Fact: I Thought I Knew Everything About Tolkien’s Dwarves — I Didn’t

A tiny thing that longtime fans will appreciate.
There’s a special place in my heart for Tolkien’s legendarium — from the books to the films to the vivid new stories of the TV series — has always felt like a place I could escape to. But beyond the magic of Middle-earth, I’ve always been fascinated by Tolkien himself.
He wasn’t just a fantasy author. He was a professor at Oxford, a veteran of WWI, and a master of languages, fluent in Latin, Old Norse, Finnish, and more. He even worked on the Oxford English Dictionary as a young man.
And here’s where a small but brilliant story comes in.
When writing The Hobbit, Tolkien used 'dwarves' instead of the dictionary-approved 'dwarfs'. Critics called it incorrect.
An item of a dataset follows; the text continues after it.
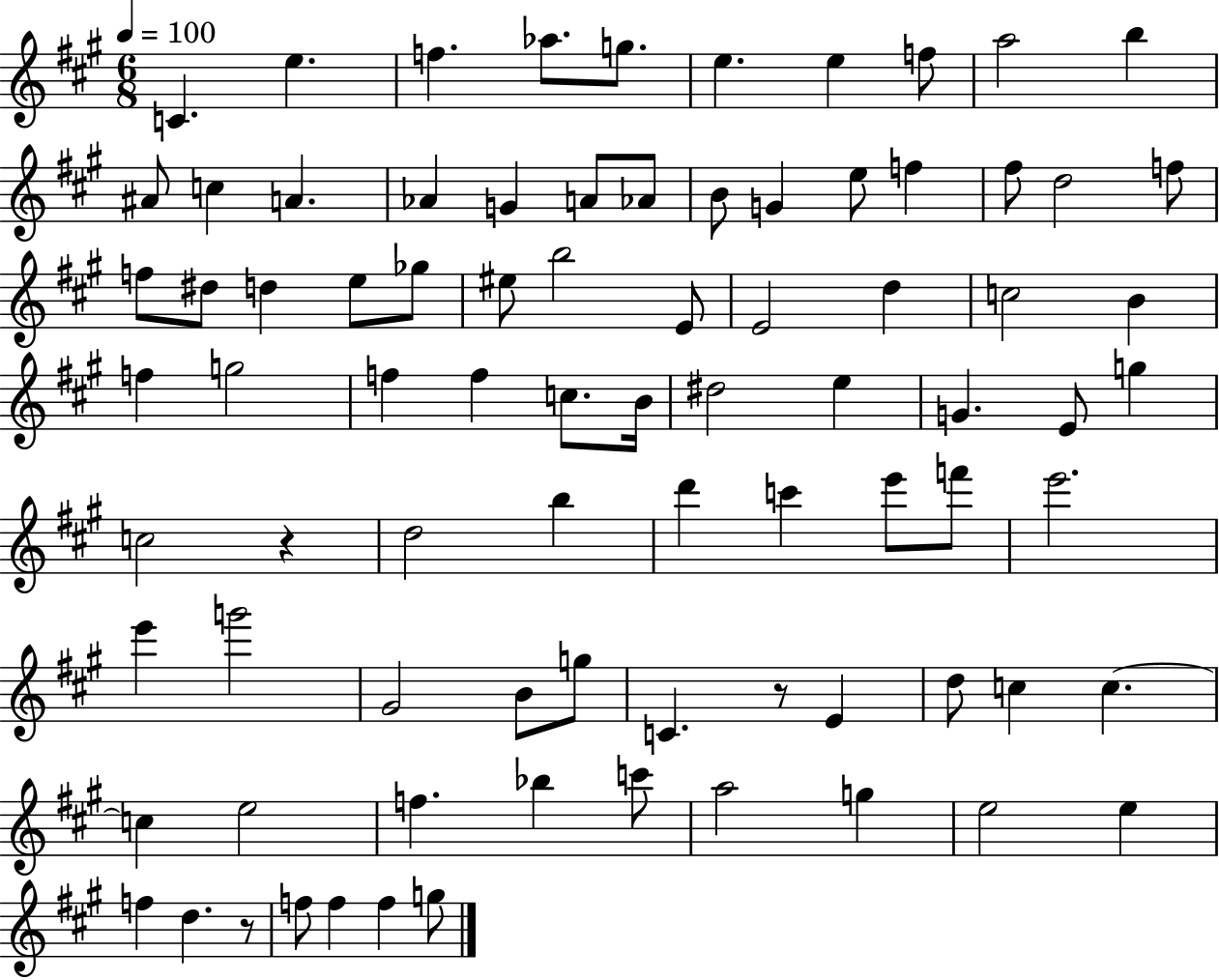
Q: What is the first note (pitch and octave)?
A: C4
But Tolkien refused to change it — even though he’d helped write that very dictionary.
In a 1937 letter, he admitted:
"It is just a piece of private bad grammar... but I shall have to go with it."
He broke the rule — knowingly — because 'dwarves' simply fit the world he was building.
It’s such a small detail, yet it shows the kind of mind behind Middle-earth. A man of deep knowledge, imagination, and quiet defiance — the kind of person who didn’t just write fantasy, but reshaped how we dream.